With the first article of this two-part series, I highlighted three of five capabilities to make your modern data architecture more modern. But not just more modern, less complex as well.
Recapping the three capabilities (as summarized in part 1) to look for:
1. Data Integrations and App-to-App Integrations Combined
Pushing cloud data (ELT or ETL) to a cloud data warehouse such as BigQuery, Redshift, Snowflake, or other (with tools such as Fivetran, Matillion, Informatica, etc.) is great for post-production analytics and insights and is a dominant use case. However, data integration by itself is potentially limiting. A more modern capability is to have, within the same tool, the flexibility to integrate data between applications for operational workloads, especially when real-time performance is necessary. In addition, compared to accessing data via a data warehouse, in-app data experiences may be faster and simpler for a broader base of users.
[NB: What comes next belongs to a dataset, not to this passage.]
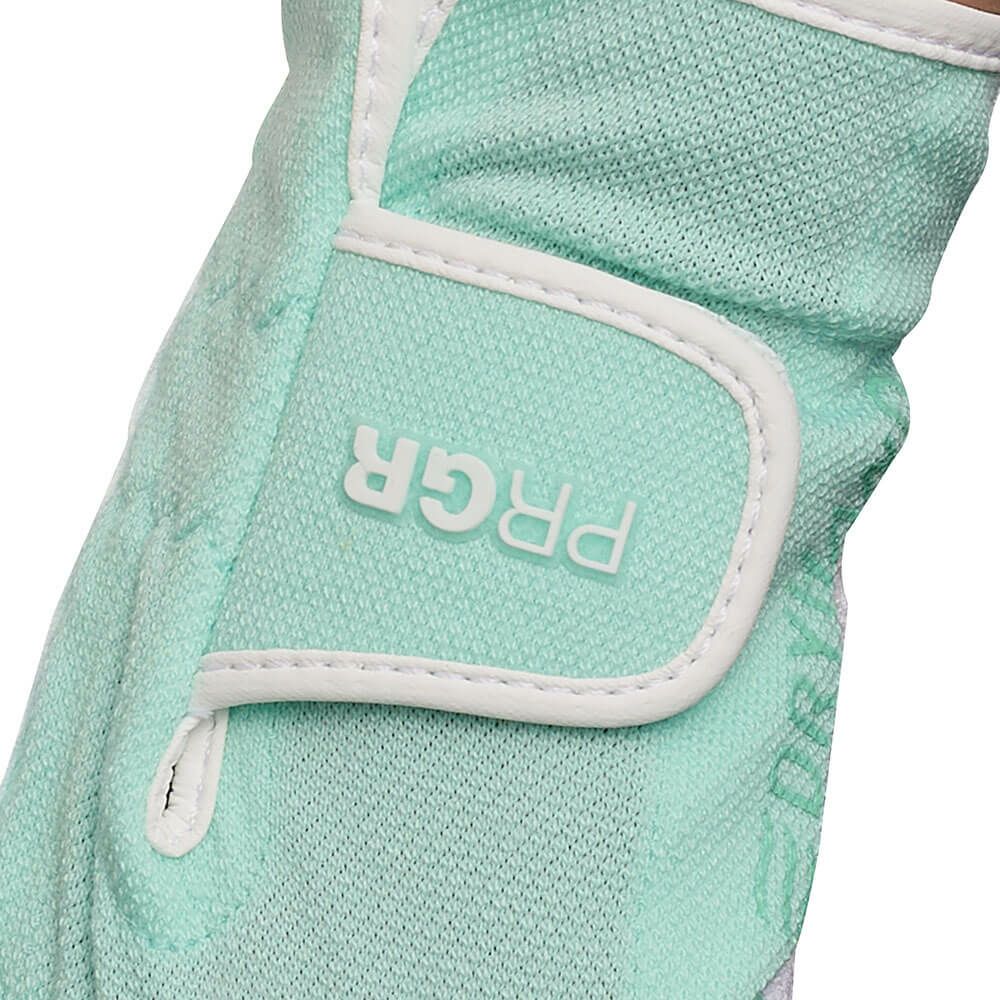 プロギア PRGR　DRY HAND ドライハンド　レディース 両手用 ゴルフグローブ DH-253LW MG ミントグリーン ミントグリーン（MG） 詳細2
2. Bidirectional Loading Patterns (ETL, ELT, and Reverse ETL) – Uncomplicated
Along with extending to app-to-app integrations, combining ETL and ELT with reverse ETL patterns, again in one solution, is a more modern approach that delivers flexibility (compared to tools like Census, Hightouch, Hevo, etc.) to select a loading pattern that is best for your specific use case. The added benefit is tool consolidation, thereby simplifying your data architecture.
3. Handle Both On-Premises and Cloud-Resident Data Without Sacrificing Security
Cloud-resident data is the ongoing trend, but for some security- or privacy-sensitive companies, on-premises data will not go anywhere near a cloud (for whatever the reason). A more modern solution separates data execution from data control, enabling your data or app-to-app integrations to run on any infrastructure, located anywhere, including behind an on-premises firewall, while you maintain nimble and agile cloud control.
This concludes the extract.